DATA FOR PROCESSING below:
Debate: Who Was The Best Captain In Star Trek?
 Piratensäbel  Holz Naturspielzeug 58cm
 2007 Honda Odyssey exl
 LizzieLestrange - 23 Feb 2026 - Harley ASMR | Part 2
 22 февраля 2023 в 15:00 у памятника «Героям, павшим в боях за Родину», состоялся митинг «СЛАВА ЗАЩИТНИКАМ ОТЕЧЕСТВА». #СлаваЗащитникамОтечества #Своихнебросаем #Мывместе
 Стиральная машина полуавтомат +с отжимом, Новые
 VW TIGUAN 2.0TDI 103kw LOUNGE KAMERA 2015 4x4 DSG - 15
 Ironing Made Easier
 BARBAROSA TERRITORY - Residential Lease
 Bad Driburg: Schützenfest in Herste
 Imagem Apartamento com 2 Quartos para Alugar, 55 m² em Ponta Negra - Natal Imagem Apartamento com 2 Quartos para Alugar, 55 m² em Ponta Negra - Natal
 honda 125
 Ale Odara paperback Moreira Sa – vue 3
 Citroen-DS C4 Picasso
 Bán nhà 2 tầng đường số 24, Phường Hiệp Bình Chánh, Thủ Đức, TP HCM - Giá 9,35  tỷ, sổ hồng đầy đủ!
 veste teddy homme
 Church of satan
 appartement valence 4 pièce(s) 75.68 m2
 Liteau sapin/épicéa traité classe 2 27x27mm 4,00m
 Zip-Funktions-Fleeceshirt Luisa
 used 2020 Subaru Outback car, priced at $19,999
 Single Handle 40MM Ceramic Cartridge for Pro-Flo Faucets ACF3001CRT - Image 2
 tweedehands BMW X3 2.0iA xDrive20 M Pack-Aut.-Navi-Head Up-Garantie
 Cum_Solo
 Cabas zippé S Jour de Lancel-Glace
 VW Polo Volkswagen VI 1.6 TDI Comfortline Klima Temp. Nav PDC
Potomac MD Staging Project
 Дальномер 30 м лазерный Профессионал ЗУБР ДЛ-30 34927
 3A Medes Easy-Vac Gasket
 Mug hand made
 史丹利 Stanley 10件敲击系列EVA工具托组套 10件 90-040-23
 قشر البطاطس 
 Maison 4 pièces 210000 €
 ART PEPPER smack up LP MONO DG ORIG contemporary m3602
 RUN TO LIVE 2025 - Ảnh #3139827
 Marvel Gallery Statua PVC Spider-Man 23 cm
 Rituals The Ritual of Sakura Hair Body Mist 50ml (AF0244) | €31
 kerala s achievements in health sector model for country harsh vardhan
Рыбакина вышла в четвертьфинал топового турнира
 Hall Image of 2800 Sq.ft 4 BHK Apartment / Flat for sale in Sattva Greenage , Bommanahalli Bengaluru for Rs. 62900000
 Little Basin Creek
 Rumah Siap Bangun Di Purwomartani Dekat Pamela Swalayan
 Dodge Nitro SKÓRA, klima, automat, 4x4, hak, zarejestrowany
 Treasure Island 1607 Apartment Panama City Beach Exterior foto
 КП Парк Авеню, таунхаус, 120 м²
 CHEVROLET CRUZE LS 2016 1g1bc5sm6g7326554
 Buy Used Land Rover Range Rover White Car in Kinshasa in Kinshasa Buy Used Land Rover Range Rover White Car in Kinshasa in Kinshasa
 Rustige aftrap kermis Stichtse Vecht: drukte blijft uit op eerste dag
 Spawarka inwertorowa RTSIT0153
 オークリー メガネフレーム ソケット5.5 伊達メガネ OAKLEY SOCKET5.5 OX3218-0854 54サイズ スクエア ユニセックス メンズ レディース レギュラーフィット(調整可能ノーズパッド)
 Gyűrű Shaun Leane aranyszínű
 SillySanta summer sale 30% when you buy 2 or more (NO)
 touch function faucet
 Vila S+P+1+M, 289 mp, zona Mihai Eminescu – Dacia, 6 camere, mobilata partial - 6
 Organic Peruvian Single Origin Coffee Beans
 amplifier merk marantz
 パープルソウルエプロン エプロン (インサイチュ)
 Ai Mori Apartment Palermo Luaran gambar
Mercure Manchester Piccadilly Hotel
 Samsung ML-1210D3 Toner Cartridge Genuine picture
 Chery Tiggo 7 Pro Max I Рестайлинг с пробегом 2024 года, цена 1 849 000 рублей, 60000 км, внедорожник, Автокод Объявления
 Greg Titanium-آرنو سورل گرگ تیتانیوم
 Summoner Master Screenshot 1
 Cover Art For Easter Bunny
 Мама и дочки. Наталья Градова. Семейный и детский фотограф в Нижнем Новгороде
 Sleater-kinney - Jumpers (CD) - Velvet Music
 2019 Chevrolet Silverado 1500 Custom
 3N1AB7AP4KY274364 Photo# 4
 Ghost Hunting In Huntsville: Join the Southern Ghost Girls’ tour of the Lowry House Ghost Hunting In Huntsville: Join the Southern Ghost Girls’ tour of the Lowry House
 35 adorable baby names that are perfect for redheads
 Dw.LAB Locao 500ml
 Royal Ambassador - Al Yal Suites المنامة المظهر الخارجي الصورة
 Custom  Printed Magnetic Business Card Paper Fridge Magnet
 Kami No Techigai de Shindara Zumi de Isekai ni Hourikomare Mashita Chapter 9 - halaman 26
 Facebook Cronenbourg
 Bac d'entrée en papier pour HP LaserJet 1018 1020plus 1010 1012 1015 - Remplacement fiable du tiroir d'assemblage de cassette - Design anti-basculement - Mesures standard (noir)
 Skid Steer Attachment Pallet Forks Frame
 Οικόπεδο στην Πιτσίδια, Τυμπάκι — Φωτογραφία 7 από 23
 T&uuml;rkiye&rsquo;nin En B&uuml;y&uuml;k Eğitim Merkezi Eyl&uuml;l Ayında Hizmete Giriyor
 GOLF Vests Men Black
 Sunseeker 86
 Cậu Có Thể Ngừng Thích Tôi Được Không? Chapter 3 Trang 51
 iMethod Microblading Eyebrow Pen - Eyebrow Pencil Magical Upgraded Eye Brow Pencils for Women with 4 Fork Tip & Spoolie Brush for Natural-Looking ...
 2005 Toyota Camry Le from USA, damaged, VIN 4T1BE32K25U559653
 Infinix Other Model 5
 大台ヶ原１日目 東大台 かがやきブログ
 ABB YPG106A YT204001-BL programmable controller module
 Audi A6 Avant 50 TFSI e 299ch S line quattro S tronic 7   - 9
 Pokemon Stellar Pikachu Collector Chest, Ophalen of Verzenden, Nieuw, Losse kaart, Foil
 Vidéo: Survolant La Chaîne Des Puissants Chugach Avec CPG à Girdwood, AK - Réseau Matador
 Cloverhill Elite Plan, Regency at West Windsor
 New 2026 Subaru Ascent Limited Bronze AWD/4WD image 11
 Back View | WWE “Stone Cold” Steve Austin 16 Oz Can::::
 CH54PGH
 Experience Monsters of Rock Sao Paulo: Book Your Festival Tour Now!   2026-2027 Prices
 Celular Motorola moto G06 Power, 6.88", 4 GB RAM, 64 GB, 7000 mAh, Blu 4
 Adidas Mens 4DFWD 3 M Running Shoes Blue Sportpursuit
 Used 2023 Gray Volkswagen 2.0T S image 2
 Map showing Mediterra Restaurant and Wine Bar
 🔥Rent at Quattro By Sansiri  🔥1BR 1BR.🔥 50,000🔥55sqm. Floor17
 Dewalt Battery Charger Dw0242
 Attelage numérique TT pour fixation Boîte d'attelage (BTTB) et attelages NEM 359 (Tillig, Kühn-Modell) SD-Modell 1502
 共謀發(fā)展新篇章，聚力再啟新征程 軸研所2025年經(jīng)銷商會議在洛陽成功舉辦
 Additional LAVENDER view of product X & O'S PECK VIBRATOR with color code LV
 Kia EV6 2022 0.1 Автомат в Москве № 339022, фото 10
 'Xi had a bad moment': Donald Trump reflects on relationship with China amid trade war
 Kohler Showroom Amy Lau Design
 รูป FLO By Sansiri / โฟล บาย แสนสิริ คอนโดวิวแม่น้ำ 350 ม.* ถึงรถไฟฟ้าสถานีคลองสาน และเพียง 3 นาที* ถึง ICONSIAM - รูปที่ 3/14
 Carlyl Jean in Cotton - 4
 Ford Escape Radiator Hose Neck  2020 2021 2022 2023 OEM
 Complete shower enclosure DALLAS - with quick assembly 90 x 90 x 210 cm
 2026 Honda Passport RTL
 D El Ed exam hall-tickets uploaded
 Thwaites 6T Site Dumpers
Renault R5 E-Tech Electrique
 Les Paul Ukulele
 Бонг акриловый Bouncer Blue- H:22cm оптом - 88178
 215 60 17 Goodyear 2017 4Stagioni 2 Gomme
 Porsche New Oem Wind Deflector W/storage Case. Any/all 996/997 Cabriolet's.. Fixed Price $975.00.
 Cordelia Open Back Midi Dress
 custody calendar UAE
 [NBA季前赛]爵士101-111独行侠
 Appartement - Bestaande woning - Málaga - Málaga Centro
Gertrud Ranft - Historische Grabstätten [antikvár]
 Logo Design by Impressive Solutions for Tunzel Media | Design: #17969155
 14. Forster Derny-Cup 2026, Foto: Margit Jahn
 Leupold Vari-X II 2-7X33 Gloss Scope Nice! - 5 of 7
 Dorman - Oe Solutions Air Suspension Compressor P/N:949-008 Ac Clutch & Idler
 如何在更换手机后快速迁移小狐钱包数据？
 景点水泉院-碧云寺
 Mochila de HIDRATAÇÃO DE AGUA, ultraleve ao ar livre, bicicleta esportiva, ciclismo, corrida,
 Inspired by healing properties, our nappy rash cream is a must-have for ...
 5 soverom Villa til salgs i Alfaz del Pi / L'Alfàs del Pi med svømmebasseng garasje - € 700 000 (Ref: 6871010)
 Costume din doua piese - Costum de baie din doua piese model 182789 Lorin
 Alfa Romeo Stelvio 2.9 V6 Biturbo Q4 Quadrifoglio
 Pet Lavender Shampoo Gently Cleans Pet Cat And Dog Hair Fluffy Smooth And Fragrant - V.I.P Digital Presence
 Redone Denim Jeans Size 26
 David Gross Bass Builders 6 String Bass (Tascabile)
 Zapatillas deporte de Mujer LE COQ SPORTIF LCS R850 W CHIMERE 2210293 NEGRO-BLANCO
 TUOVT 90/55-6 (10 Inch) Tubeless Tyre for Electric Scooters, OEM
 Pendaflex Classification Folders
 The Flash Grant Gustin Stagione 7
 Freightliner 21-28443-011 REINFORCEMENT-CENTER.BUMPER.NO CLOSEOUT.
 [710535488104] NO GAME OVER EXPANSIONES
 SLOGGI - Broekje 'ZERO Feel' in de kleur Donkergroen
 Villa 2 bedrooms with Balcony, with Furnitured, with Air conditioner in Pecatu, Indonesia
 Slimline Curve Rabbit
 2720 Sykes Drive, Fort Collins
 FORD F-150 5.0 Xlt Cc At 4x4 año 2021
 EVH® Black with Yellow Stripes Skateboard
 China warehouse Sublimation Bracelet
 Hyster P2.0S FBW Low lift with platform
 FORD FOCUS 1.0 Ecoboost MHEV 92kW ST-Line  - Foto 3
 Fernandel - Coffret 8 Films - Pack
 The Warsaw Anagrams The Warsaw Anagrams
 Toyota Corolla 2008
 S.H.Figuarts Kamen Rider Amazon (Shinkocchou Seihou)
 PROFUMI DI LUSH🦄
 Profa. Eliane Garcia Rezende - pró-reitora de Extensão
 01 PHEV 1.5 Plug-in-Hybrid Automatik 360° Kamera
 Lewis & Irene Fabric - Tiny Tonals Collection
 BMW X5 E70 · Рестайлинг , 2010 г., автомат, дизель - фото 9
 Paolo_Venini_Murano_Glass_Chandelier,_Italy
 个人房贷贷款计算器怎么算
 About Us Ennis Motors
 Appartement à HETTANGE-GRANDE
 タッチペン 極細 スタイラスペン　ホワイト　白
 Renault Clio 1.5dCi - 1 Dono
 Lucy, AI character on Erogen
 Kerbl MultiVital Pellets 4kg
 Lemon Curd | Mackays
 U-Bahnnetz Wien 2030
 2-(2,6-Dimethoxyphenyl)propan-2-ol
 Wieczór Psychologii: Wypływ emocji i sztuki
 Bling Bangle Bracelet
End of DATA FOR PROCESSING.
TRY IT
The answer should consist solely of the lines from the first line above through the one with "Bad Driburg: Schützenfest in Herste", both included, repeated exactly.

RESPONSE TO THE TASK
Debate: Who Was The Best Captain In Star Trek?
 Piratensäbel  Holz Naturspielzeug 58cm
 2007 Honda Odyssey exl
 LizzieLestrange - 23 Feb 2026 - Harley ASMR | Part 2
 22 февраля 2023 в 15:00 у памятника «Героям, павшим в боях за Родину», состоялся митинг «СЛАВА ЗАЩИТНИКАМ ОТЕЧЕСТВА». #СлаваЗащитникамОтечества #Своихнебросаем #Мывместе
 Стиральная машина полуавтомат +с отжимом, Новые
 VW TIGUAN 2.0TDI 103kw LOUNGE KAMERA 2015 4x4 DSG - 15
 Ironing Made Easier
 BARBAROSA TERRITORY - Residential Lease
 Bad Driburg: Schützenfest in Herste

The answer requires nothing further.